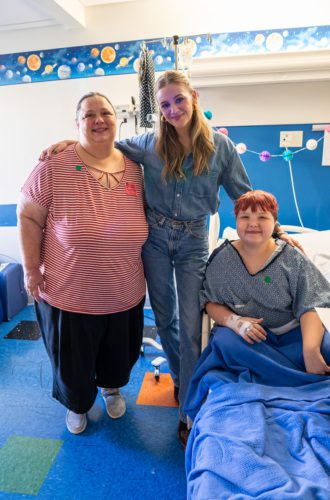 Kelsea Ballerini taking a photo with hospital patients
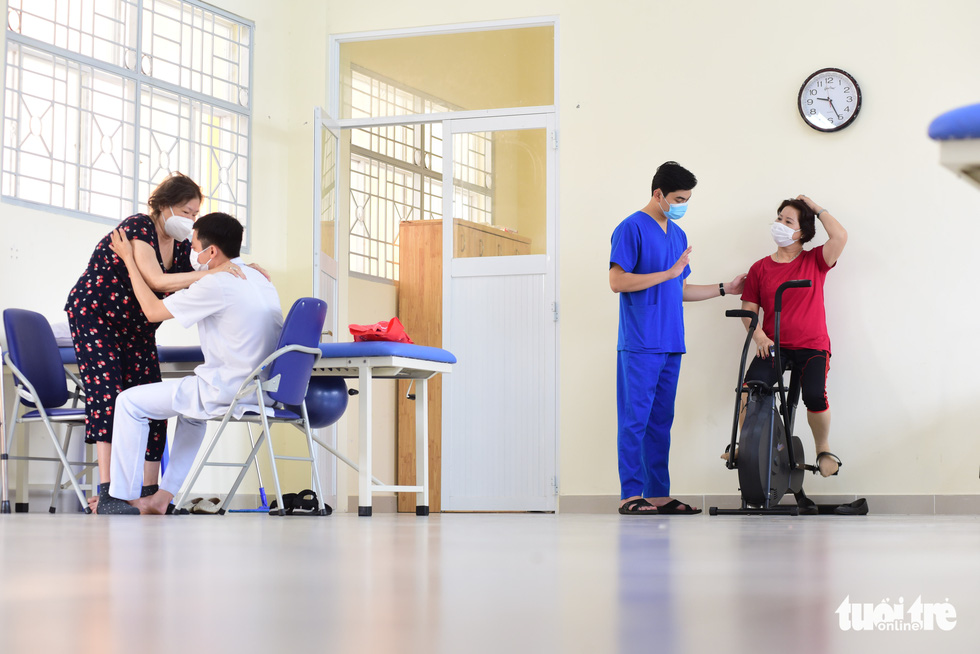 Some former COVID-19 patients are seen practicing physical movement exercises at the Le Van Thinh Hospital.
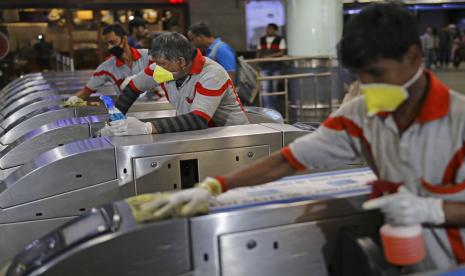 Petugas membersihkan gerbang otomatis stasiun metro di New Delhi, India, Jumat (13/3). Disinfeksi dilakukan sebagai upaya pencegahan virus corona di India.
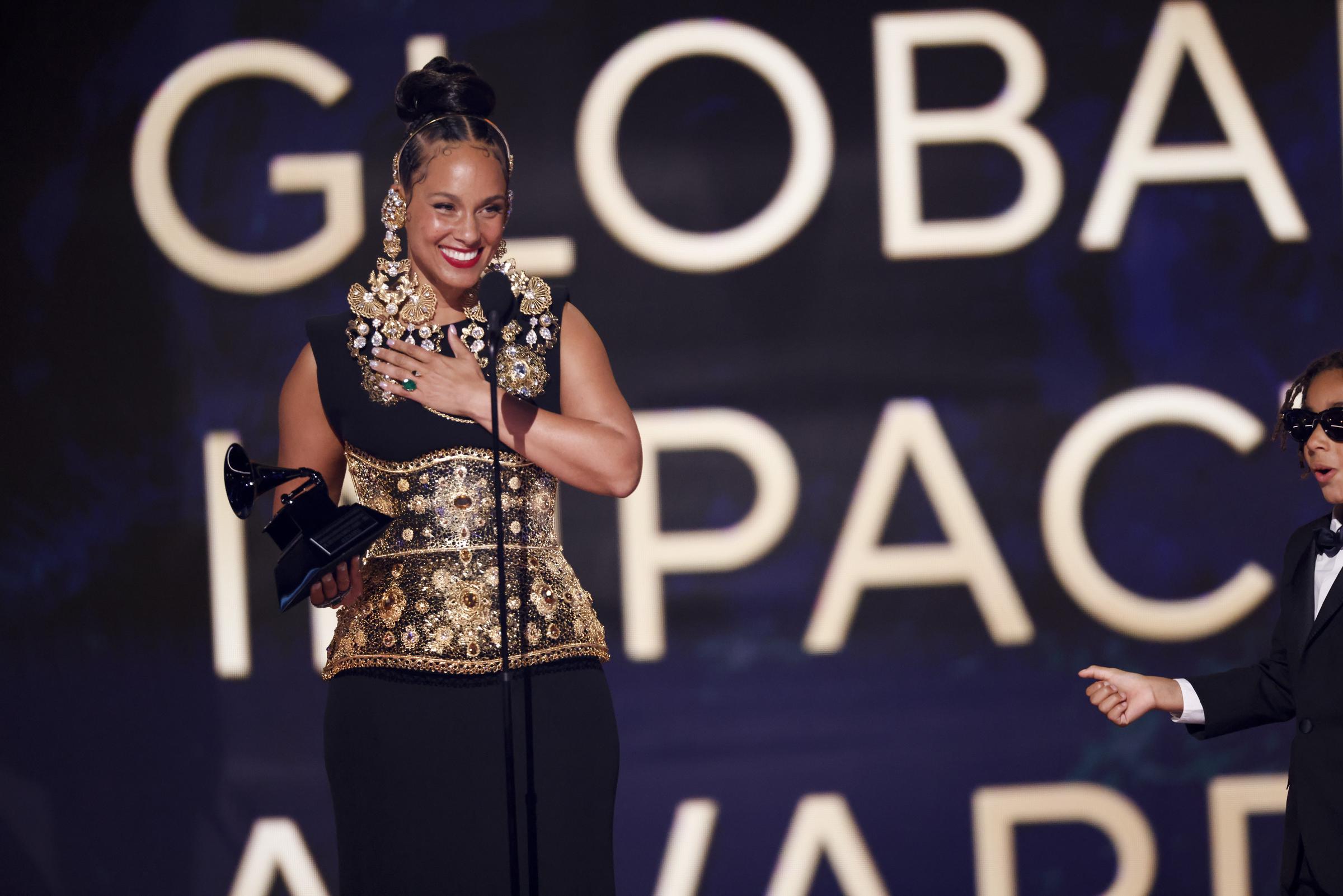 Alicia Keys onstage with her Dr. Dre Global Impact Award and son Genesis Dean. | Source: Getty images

----

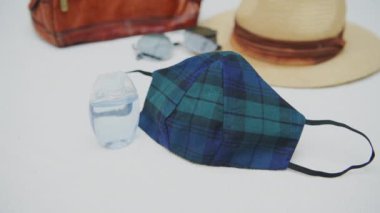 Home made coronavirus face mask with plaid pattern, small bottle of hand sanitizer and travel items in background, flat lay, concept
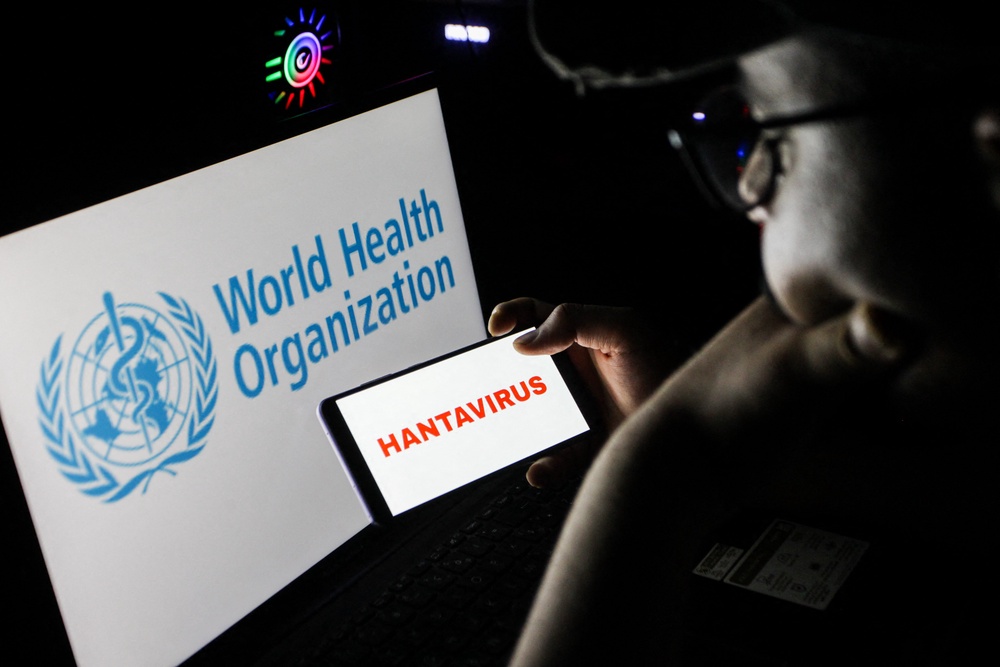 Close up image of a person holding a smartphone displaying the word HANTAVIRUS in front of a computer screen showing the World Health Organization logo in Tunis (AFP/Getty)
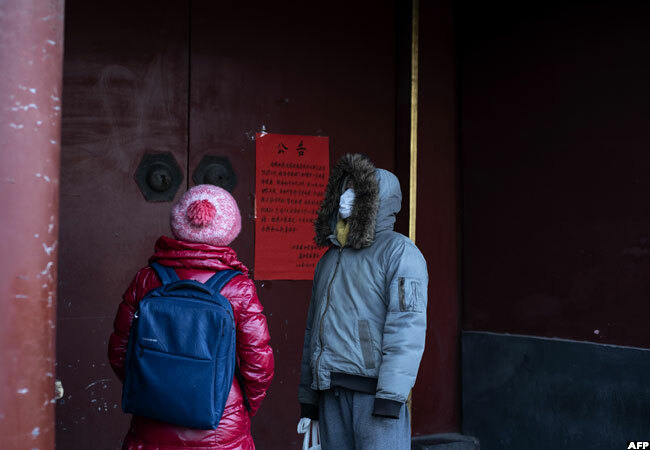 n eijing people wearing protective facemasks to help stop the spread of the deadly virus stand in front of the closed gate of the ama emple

----

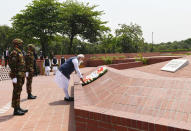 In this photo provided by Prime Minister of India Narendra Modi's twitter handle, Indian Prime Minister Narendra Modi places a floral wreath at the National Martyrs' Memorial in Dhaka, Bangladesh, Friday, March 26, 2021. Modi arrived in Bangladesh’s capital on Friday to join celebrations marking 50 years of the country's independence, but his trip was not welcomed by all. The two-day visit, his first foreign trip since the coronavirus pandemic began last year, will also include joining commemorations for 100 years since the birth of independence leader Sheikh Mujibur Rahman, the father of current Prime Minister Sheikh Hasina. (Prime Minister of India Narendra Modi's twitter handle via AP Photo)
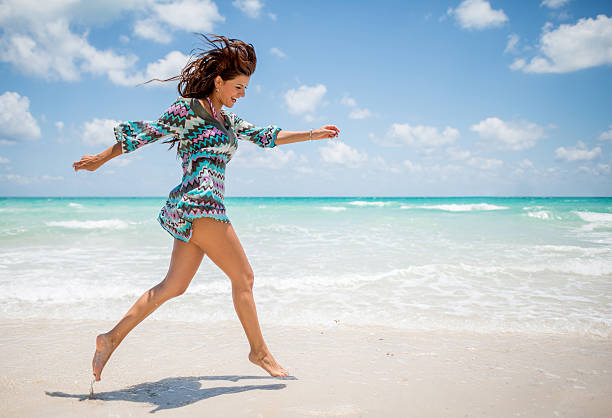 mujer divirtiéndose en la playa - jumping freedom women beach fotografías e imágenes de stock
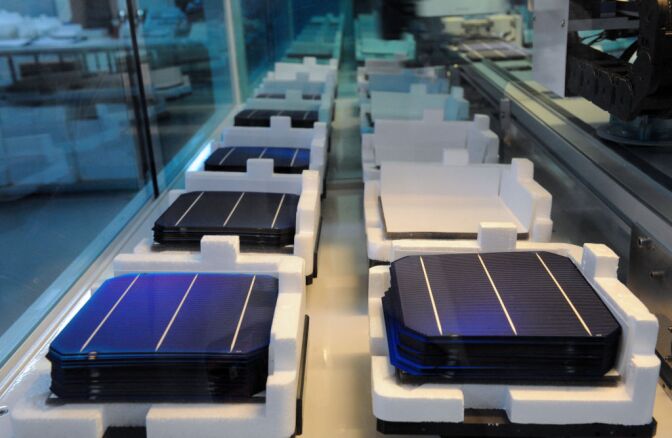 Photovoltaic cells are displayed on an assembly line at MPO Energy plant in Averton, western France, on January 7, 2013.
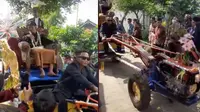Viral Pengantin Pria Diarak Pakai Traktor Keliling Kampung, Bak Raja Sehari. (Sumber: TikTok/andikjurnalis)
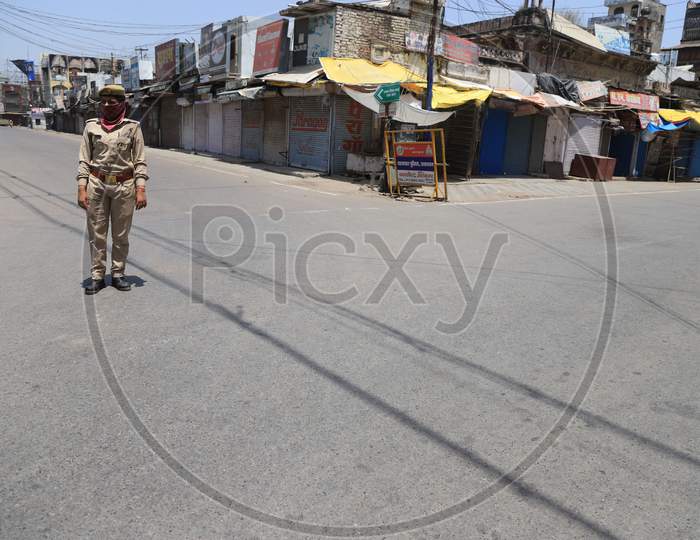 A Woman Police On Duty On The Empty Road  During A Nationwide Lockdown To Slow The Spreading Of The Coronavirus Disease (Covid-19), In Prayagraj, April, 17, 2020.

----

• WHAT YOU SHOULD DO:
Among the entries above, copy exactly the stretch from the line holding "Kelsea Ballerini taking" through the line holding "Alicia Keys onstage", leaving out any pictures.

• THE COMPLETED TASK:
 Kelsea Ballerini taking a photo with hospital patients
 Some former COVID-19 patients are seen practicing physical movement exercises at the Le Van Thinh Hospital.
 Petugas membersihkan gerbang otomatis stasiun metro di New Delhi, India, Jumat (13/3). Disinfeksi dilakukan sebagai upaya pencegahan virus corona di India.
 Alicia Keys onstage with her Dr. Dre Global Impact Award and son Genesis Dean. | Source: Getty images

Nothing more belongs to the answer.